TRY IT: With all images omitted, write out the records word for word.

Pictures with short captions:

· · ·

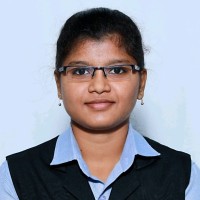 DEEPTHI J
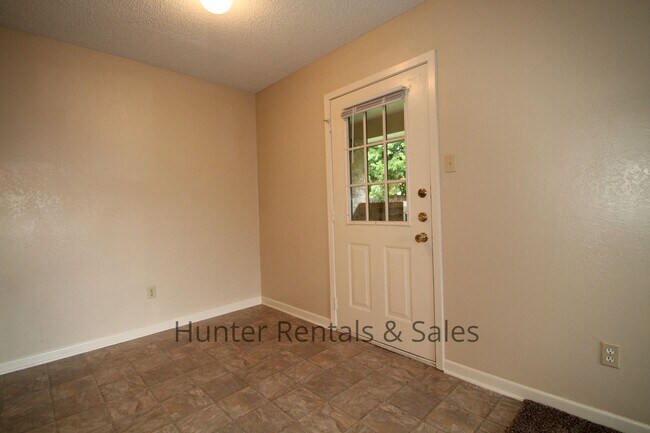 Foto del edificio - Rent Me Now!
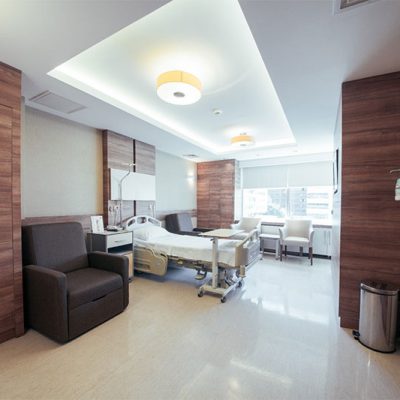 ist_cerrahi_hastanesi03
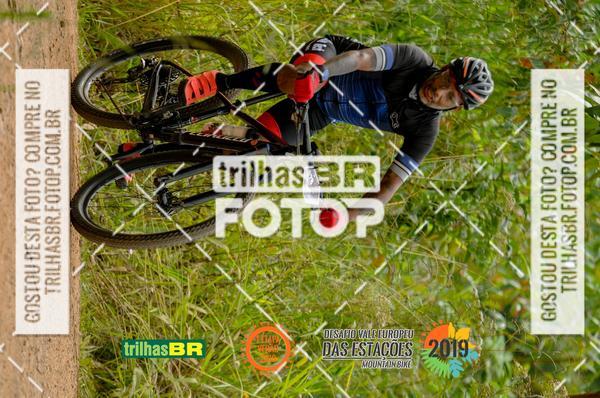 Buy your photos of the eventPedal Ekonova on Fotop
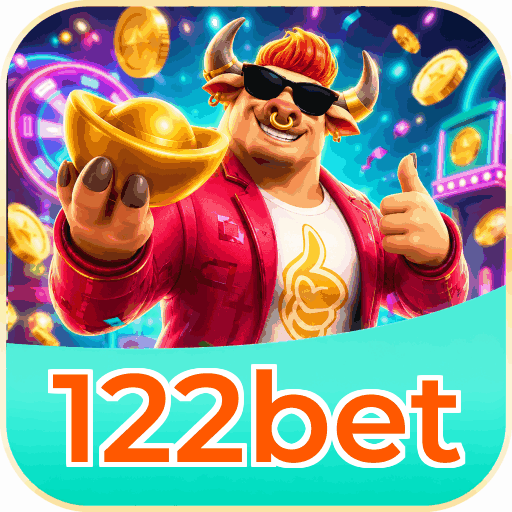 122bet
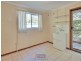 31 Analese Street, Sunnybank Hills QLD 4109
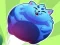 Spill Super Sushi Katt og Katapult online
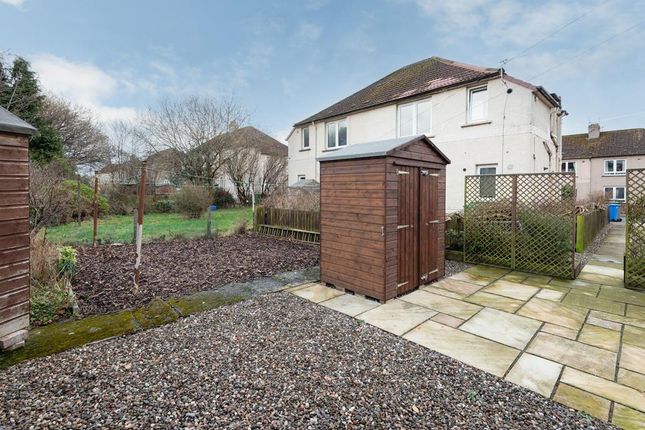 32, Letham Terrace, Leven photo 2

· · ·

SOLUTION TO THE PROBLEM:
 DEEPTHI J
 Foto del edificio - Rent Me Now!
 ist_cerrahi_hastanesi03
 Buy your photos of the eventPedal Ekonova on Fotop
 122bet
 31 Analese Street, Sunnybank Hills QLD 4109
 Spill Super Sushi Katt og Katapult online
 32, Letham Terrace, Leven photo 2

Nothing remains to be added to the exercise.